EXERCISE OBJECTIVE: Only the lines from the one with "Coghlan's Zipper Pull" through the end of the material, both ends included, should be retyped exactly.

• • • •

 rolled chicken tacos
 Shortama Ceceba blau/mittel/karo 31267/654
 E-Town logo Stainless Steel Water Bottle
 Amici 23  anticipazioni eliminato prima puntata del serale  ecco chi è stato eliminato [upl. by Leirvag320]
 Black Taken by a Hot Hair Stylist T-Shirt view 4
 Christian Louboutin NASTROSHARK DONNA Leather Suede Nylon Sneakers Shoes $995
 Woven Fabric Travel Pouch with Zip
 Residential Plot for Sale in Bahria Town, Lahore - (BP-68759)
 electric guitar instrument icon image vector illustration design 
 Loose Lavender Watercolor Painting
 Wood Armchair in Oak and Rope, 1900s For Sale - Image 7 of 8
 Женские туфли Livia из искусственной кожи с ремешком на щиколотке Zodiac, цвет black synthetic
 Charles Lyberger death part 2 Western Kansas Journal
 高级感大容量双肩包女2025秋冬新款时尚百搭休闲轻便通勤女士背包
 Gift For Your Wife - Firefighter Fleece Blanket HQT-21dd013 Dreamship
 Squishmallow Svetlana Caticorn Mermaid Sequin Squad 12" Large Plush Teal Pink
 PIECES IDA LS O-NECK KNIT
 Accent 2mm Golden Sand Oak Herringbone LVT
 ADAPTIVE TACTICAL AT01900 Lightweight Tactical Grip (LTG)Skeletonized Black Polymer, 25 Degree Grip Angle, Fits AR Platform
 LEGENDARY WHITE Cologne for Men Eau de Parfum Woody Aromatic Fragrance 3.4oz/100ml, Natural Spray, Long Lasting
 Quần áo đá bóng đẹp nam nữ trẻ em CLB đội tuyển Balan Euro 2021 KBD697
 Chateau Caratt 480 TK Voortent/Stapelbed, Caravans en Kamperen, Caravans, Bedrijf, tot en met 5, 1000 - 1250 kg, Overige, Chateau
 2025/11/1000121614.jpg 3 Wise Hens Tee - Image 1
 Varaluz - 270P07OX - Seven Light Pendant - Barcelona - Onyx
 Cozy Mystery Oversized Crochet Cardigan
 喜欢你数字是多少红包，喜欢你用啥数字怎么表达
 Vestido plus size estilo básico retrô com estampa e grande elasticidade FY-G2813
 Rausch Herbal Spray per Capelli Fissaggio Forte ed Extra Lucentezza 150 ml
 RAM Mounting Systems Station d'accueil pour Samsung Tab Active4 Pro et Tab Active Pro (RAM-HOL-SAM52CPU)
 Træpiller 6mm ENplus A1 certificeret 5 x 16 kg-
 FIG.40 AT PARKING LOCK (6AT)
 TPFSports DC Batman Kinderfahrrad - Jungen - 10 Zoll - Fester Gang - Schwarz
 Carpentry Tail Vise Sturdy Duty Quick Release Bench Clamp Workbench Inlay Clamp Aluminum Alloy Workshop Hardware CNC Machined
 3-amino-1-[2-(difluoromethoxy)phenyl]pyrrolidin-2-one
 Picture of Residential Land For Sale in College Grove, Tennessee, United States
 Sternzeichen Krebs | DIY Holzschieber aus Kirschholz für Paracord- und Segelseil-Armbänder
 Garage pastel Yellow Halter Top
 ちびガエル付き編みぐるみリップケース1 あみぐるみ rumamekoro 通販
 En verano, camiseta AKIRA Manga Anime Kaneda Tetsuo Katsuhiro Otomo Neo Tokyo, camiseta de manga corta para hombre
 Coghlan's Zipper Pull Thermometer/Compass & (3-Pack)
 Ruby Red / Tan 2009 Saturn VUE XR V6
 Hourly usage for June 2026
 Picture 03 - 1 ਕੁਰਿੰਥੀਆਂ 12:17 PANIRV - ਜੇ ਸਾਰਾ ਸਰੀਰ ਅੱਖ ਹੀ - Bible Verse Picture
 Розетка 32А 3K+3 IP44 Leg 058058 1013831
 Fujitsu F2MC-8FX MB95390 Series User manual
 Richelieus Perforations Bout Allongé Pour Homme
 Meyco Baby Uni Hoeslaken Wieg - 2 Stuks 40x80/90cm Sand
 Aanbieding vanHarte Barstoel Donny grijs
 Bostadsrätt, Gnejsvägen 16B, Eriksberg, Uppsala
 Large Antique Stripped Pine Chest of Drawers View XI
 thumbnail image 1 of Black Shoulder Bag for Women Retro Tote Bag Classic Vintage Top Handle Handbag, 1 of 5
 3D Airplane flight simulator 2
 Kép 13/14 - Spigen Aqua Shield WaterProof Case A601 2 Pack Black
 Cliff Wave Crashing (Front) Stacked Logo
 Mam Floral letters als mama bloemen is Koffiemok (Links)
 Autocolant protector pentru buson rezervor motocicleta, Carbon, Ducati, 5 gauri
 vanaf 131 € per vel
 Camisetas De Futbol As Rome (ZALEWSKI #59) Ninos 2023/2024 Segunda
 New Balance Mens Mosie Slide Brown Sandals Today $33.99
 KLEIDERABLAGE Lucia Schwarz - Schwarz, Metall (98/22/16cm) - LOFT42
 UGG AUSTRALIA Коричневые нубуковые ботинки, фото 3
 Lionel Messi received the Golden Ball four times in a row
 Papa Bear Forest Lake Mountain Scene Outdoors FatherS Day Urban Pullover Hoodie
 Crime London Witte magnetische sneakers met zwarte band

• • • •

ANSWER:
 Coghlan's Zipper Pull Thermometer/Compass & (3-Pack)
 Ruby Red / Tan 2009 Saturn VUE XR V6
 Hourly usage for June 2026
 Picture 03 - 1 ਕੁਰਿੰਥੀਆਂ 12:17 PANIRV - ਜੇ ਸਾਰਾ ਸਰੀਰ ਅੱਖ ਹੀ - Bible Verse Picture
 Розетка 32А 3K+3 IP44 Leg 058058 1013831
 Fujitsu F2MC-8FX MB95390 Series User manual
 Richelieus Perforations Bout Allongé Pour Homme
 Meyco Baby Uni Hoeslaken Wieg - 2 Stuks 40x80/90cm Sand
 Aanbieding vanHarte Barstoel Donny grijs
 Bostadsrätt, Gnejsvägen 16B, Eriksberg, Uppsala
 Large Antique Stripped Pine Chest of Drawers View XI
 thumbnail image 1 of Black Shoulder Bag for Women Retro Tote Bag Classic Vintage Top Handle Handbag, 1 of 5
 3D Airplane flight simulator 2
 Kép 13/14 - Spigen Aqua Shield WaterProof Case A601 2 Pack Black
 Cliff Wave Crashing (Front) Stacked Logo
 Mam Floral letters als mama bloemen is Koffiemok (Links)
 Autocolant protector pentru buson rezervor motocicleta, Carbon, Ducati, 5 gauri
 vanaf 131 € per vel
 Camisetas De Futbol As Rome (ZALEWSKI #59) Ninos 2023/2024 Segunda
 New Balance Mens Mosie Slide Brown Sandals Today $33.99
 KLEIDERABLAGE Lucia Schwarz - Schwarz, Metall (98/22/16cm) - LOFT42
 UGG AUSTRALIA Коричневые нубуковые ботинки, фото 3
 Lionel Messi received the Golden Ball four times in a row
 Papa Bear Forest Lake Mountain Scene Outdoors FatherS Day Urban Pullover Hoodie
 Crime London Witte magnetische sneakers met zwarte band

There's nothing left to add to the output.